Data section:
>>

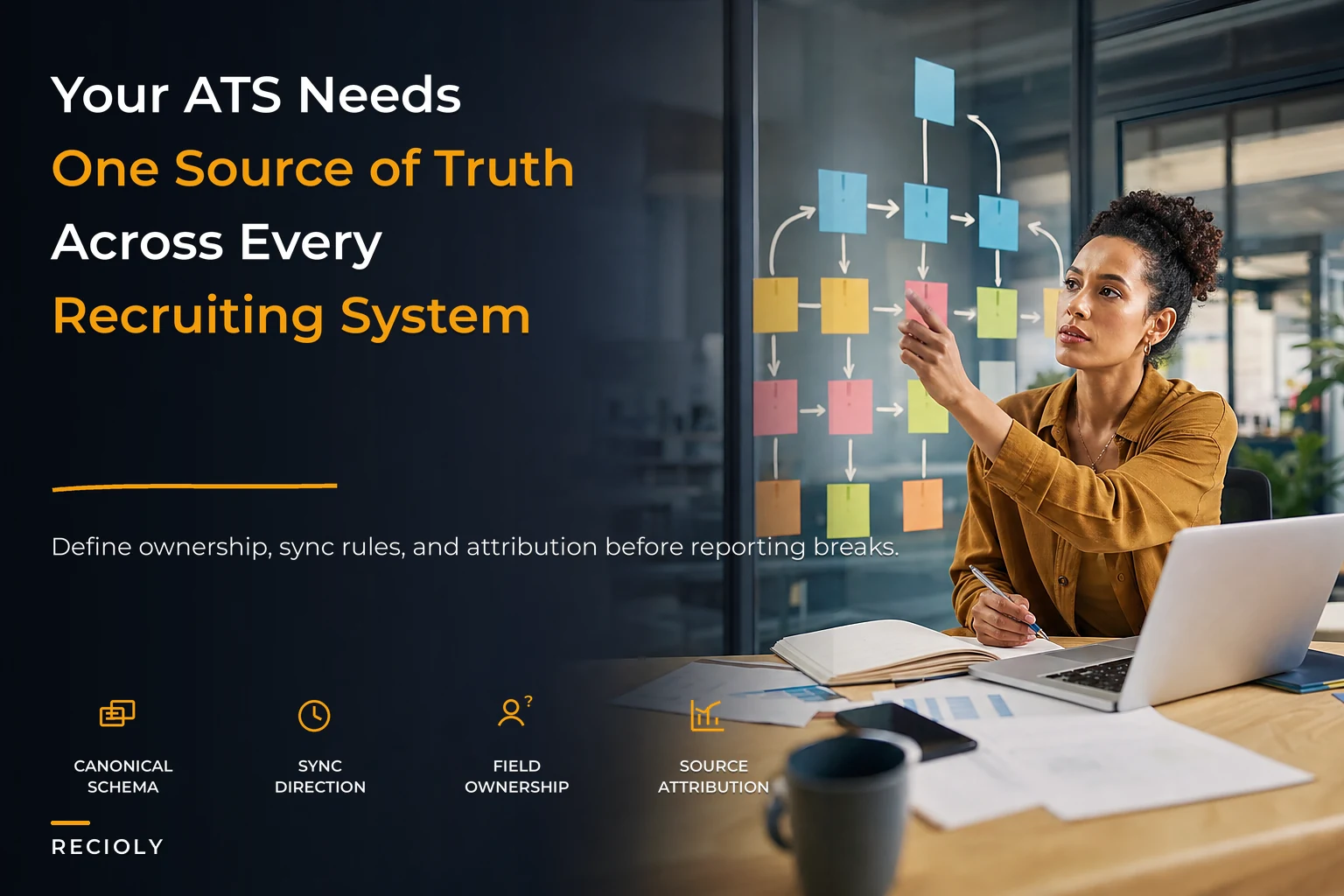 Recruiting data ownership, schemas, and cross-system attribution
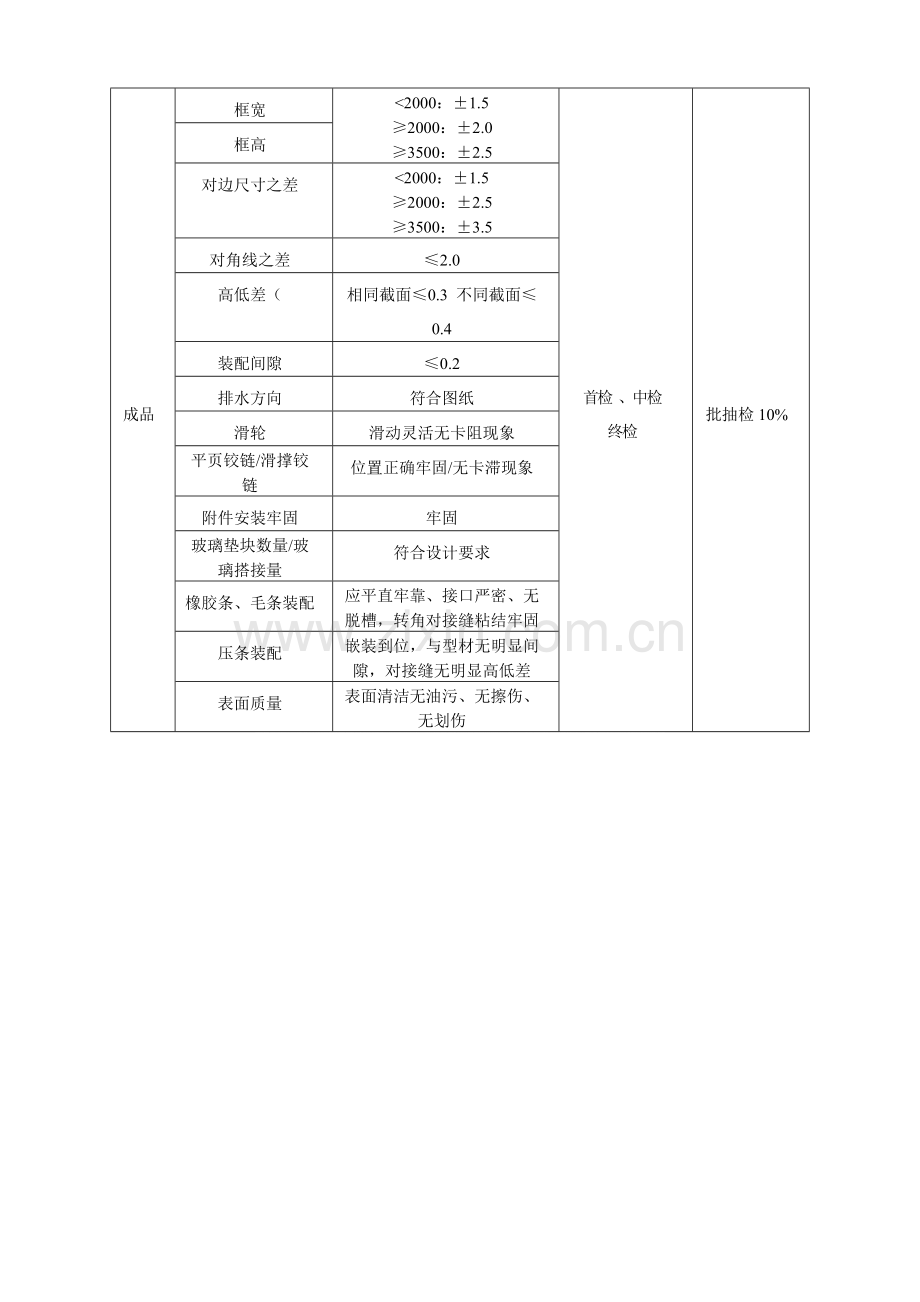 关键质控点管理规定.doc_第3页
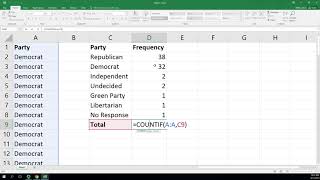 Qualitative Frequency Distribution (with COUNTIF)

<<

Assignment: Without including a single picture, restate all of the data word for word.

Response:
 Recruiting data ownership, schemas, and cross-system attribution
 关键质控点管理规定.doc_第3页
 Qualitative Frequency Distribution (with COUNTIF)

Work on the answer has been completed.